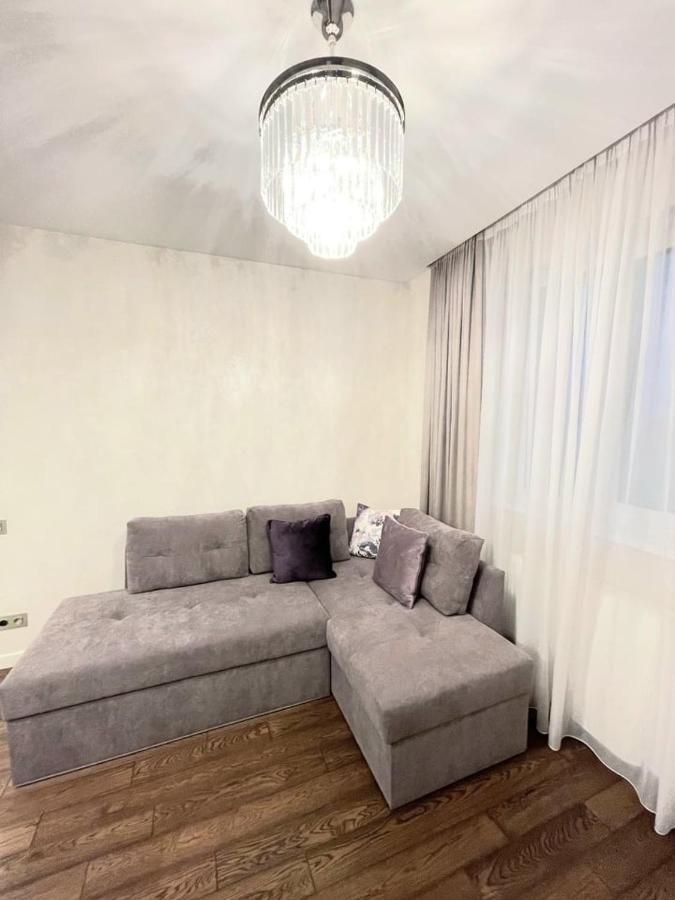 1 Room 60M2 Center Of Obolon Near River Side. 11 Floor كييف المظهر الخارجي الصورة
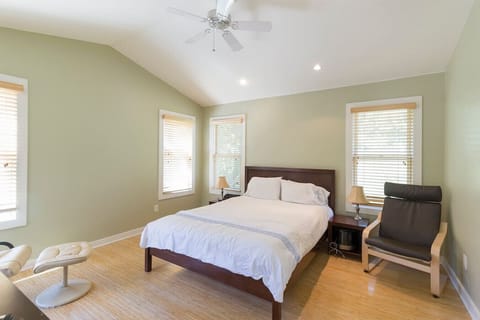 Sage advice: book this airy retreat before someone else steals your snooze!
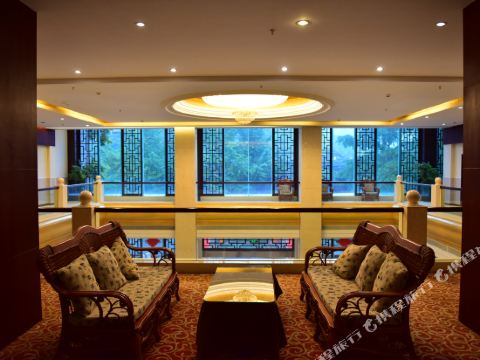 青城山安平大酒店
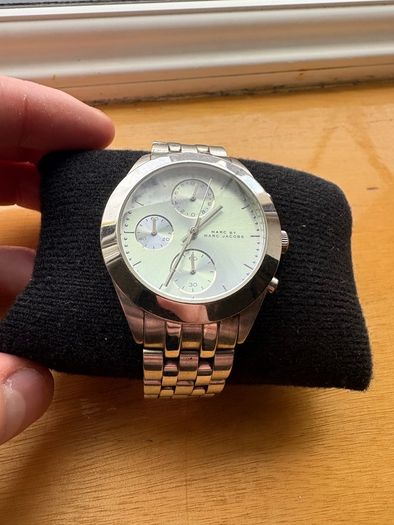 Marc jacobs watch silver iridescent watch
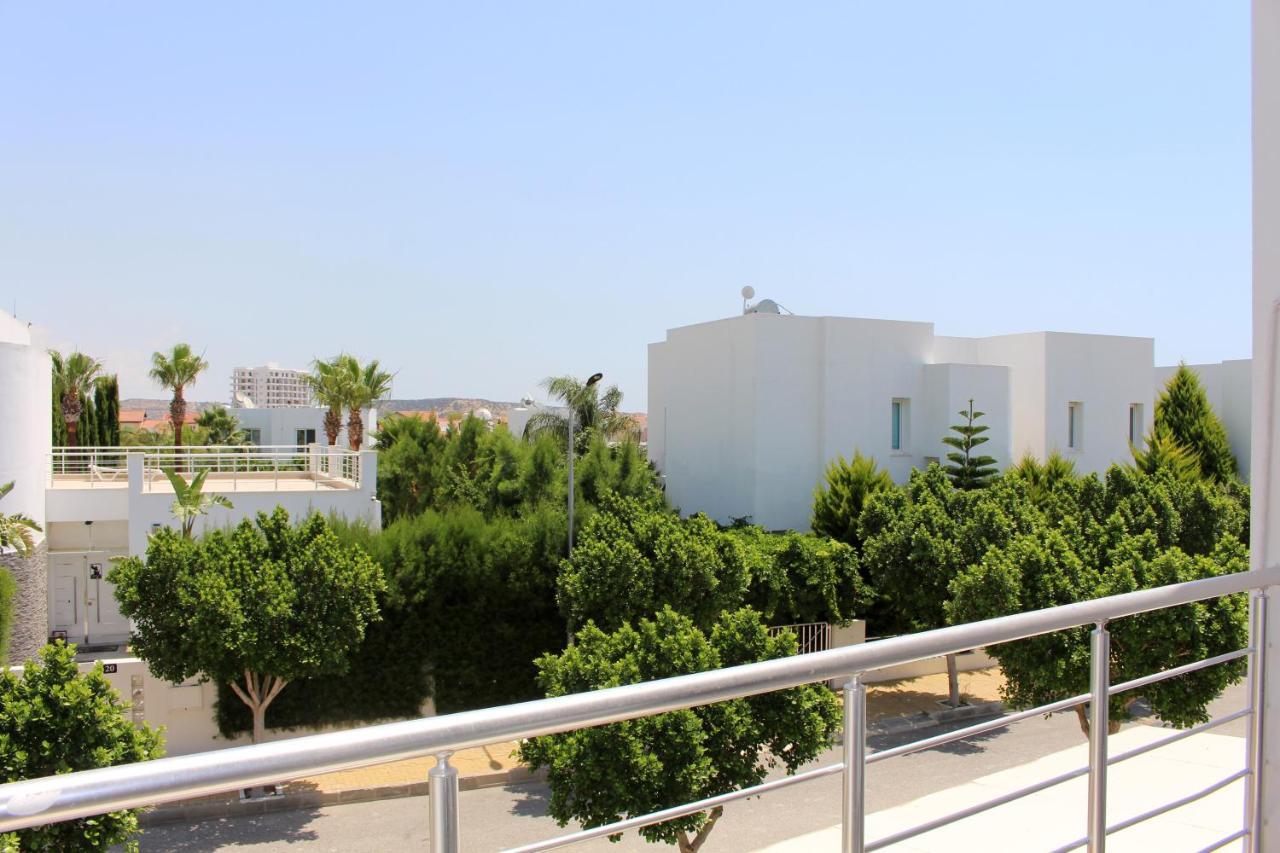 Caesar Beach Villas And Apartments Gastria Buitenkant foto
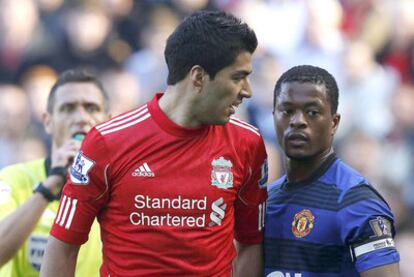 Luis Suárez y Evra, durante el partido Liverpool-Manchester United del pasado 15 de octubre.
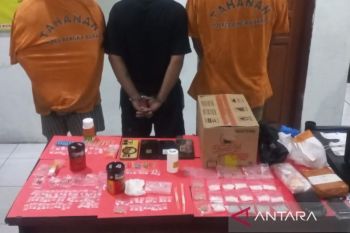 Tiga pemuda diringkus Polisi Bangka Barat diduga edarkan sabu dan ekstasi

...

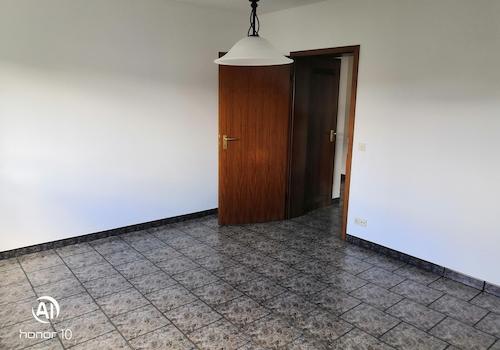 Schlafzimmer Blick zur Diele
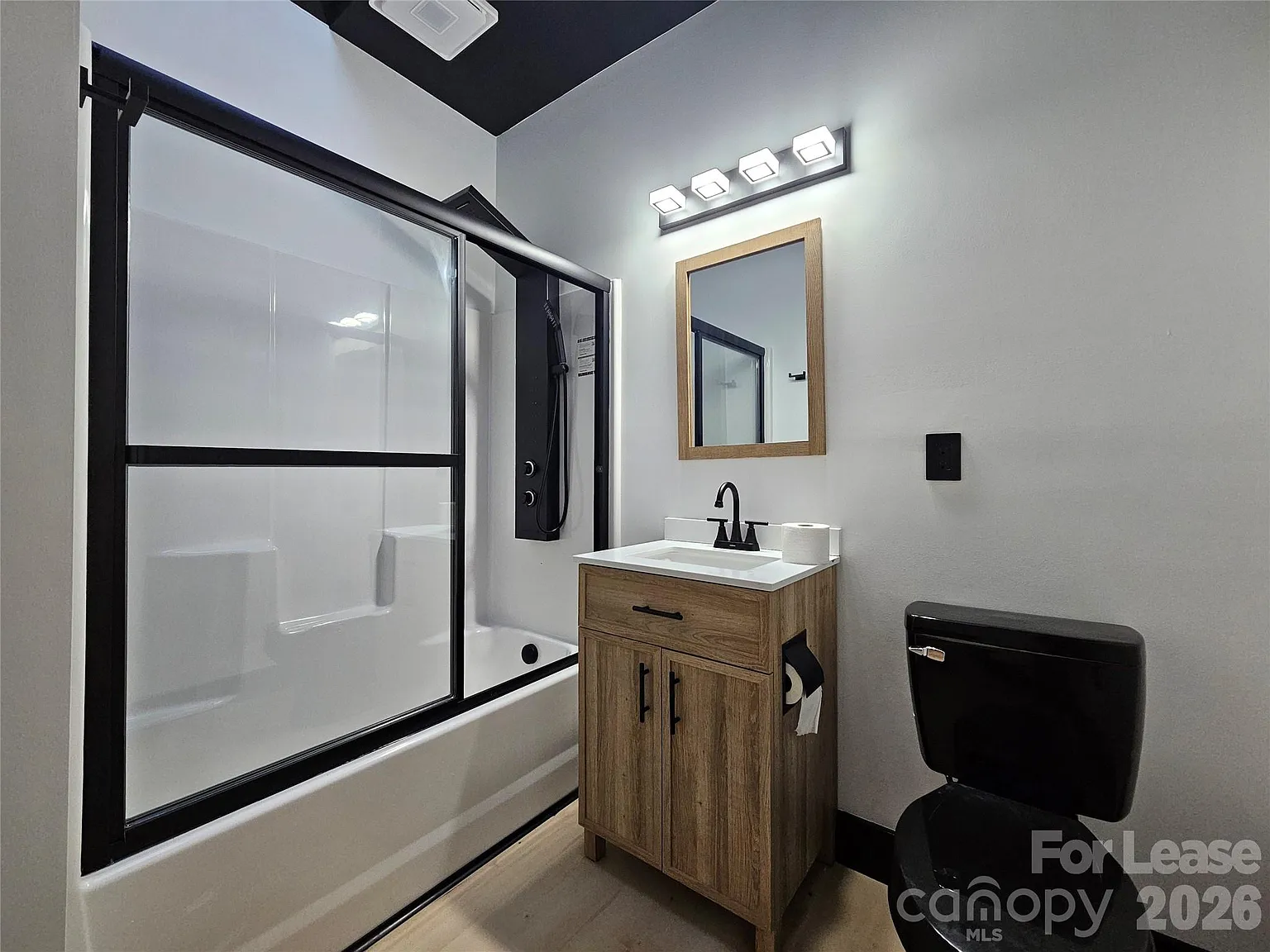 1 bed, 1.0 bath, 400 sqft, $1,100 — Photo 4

> _Exercise instructions_: Your output should be the lines above from the one that contains "1 Room 60M2" through the one that contains "Caesar Beach Villas", word for word, with pictures left out.

> _Written solution_:
 1 Room 60M2 Center Of Obolon Near River Side. 11 Floor كييف المظهر الخارجي الصورة
 Sage advice: book this airy retreat before someone else steals your snooze!
 青城山安平大酒店
 Marc jacobs watch silver iridescent watch
 Caesar Beach Villas And Apartments Gastria Buitenkant foto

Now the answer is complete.